Link for the project webpage. Contains audio samples and interpretations for all the experiments.

Setup

Virtual Environment

Setup a new conda environment with the env_audio.yml file.

   conda env create -f env_audio.yml

NOTE: The default pytorch installed would be cpu usage only. If you wish to train with GPU (recommended, specially for SONYC-UST), please also run this command after creating the environment (or an equivalent according to your CUDA compatibility).

   conda install pytorch==1.7.1 torchvision==0.8.2 cudatoolkit=9.2 -c pytorch

Datasets

We perform experiments on two datasets: ESC-50 AND SONYC-UST. You will need to download and extract the datasets.

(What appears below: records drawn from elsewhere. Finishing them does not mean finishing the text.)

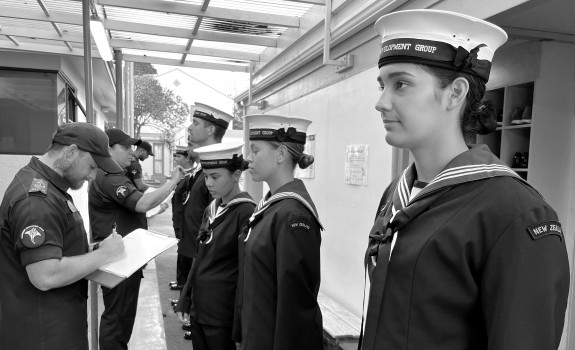 Navy recruits stand in a line as they have their uniform inspected during the Basic Common Training course.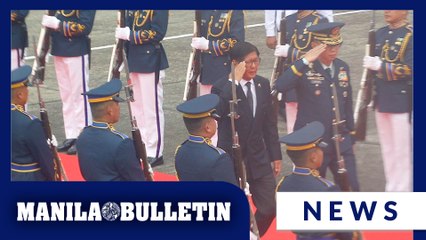 Marcos during departure honors before leaving for Malaysia to attend 47th Asean Summit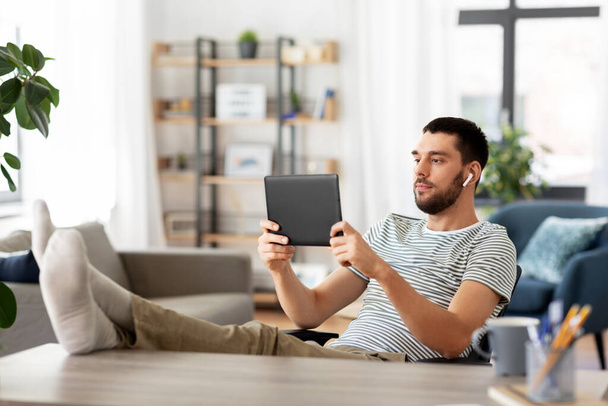 man with tablet pc and earphones at home - Foto, imagen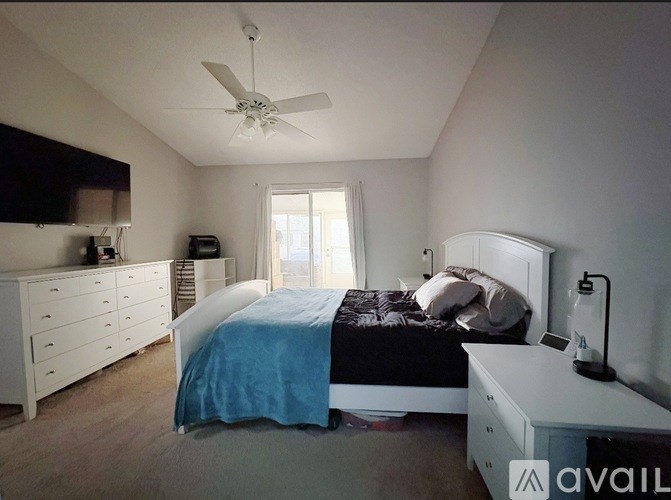 A bedroom with a bed, dresser, and ceiling fan.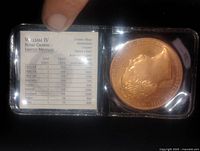 Front side of coin showing King George III profile and certificate of limited mintage details.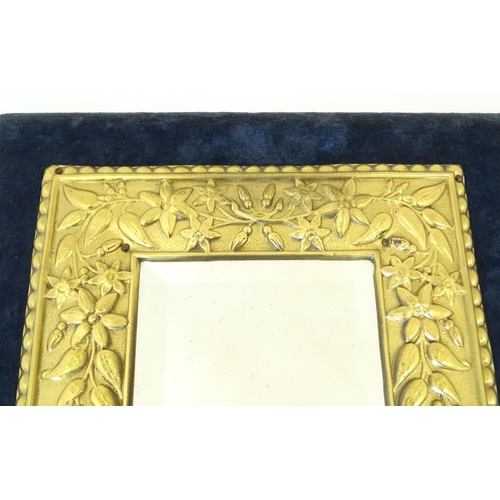 1427 - A 20thC girandole the bevelled mirror with brass and velvet surround, with twin branches lower. Appr... 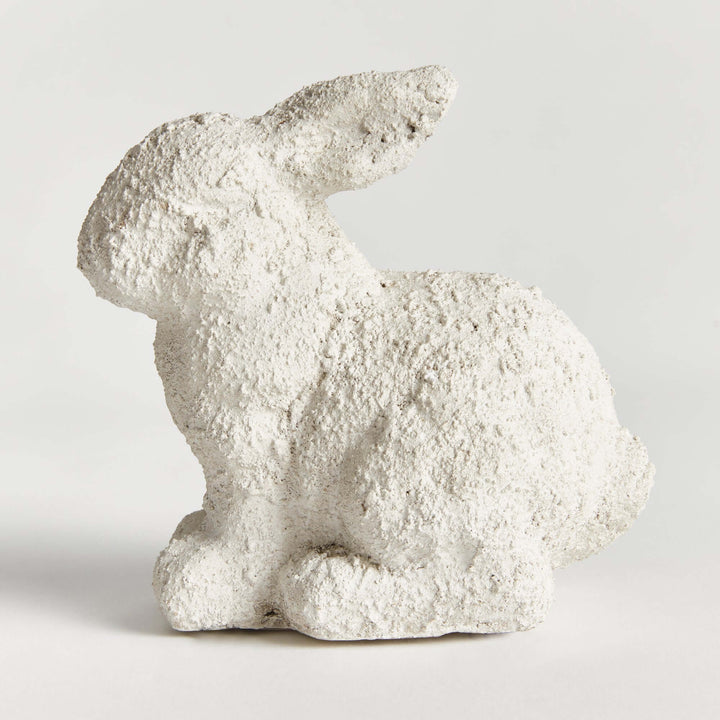 Weathered terracotta bunny statue in aged white finish, perfect for enhancing outdoor garden decor.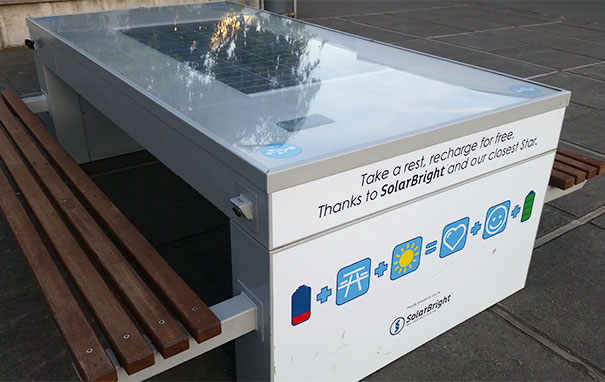 Solar-powered charging station in a school setting with benches, providing free device recharging for students.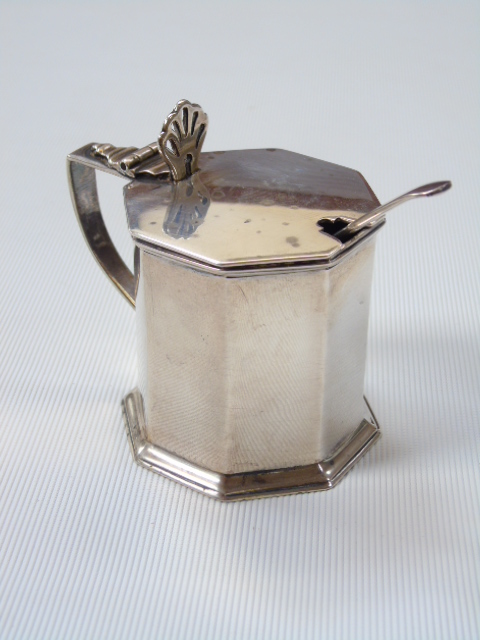 Silver mustard pot date mark Chester 1911 and a silver spoon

Instructions for downlading the two are given below.

(1) ESC-50: Download link on their github page. Extract the downloaded zip to the path 'L2I-code/datasets'. Please ensure the name of the extracted folder is: 'ESC50'. The final path of dataset should look like 'L2I-code/datasets/ESC50'

(2) SONYC-UST: Download link and instructions on their Zenodo page. The dataset is offered under the CC BY 4.0 license by its authors. Ensure the name of dataset folder is 'SONYC_UST'. The final path of dataset should look like 'L2I-code/datasets/SONYC_UST'

If the datasets are downloaded and extracted in a different directory, please ensure the paths defined in L61 -- L75 of audint_posthoc.py match their location and names.

Network architecture and trained models

The trained models on ESC-50 fold-1, SONYC-UST are available in the 'output/esc50_output/', 'output/sust_output/' directories respectively along with the trained dictionaries on them.

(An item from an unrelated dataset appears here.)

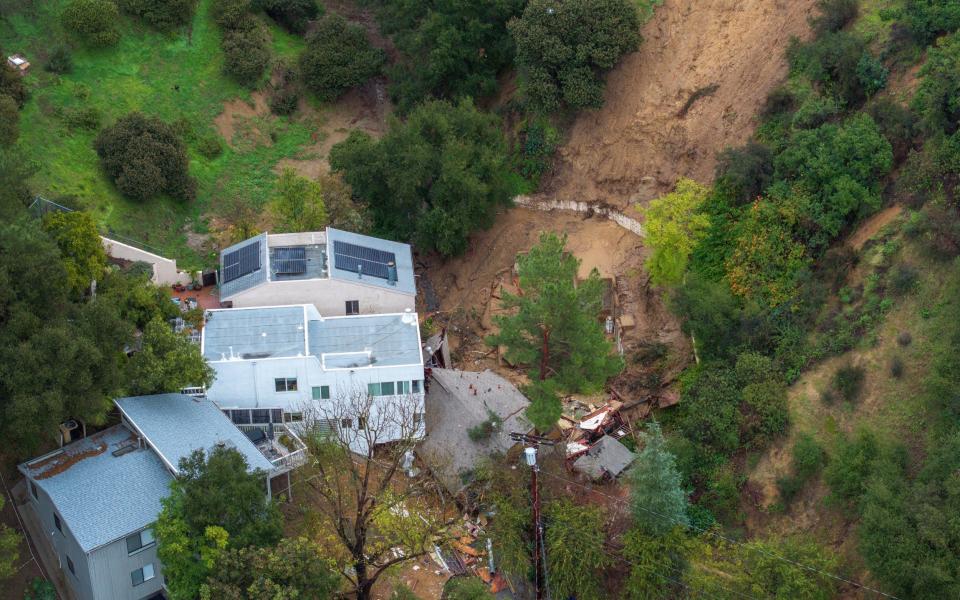 A property on Hollywood Hills is destroyed at the bottom of a landslide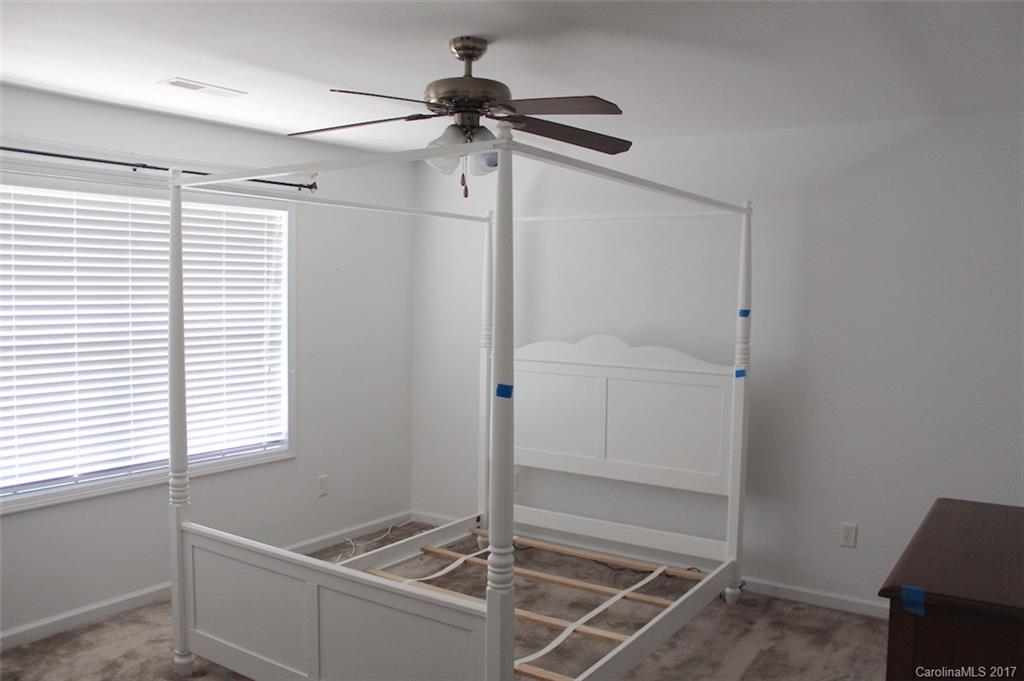 136 Scherer Drive Rutherfordton, NC 28139 - Photo 17 of 24 a bathroom with a window and a shower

The backbone network that we fine-tune and perform post-hoc interpretation on is based on the work of Kumar et al.. We have not uploaded the pre-trained weights (on AudioSet) of this network, but rather our fine-tuned weights on our datasets. To train on a new dataset please refer to the original repository.

Usage

audint_posthoc.py is our main file

1. Command: python audint_posthoc.py [mode test or train] [dataset name] [use-gpu True or False] [fine-tune-classifier True or False] [if mode is test, enter model name here as 4th argument]

2. Dataset options: esc50, sust.

3. Example commands: 
   python audint_posthoc.py test esc50 False False try10_AttExpv2.pt 
   python audint_posthoc.py test sust False False try14_AttExp_v2.pt.

These commands should generate the fidelity metrics by default and in case of ESC-50, also generate interpretations from overlap experiment. You can run other experiments (faithfulness or noise experiments) by uncommenting various parts from L1283 -- L1336 of audint_posthoc.py.

NOTE: The functionality for fine-tuning the classifier is not setup properly. Refer to Setup above about this issue.

 4. Command for training:
 python audint_posthoc.py train esc50 True False
 
 GPU-usage is recommended for training. Refer to Setup above for adding GPU-support.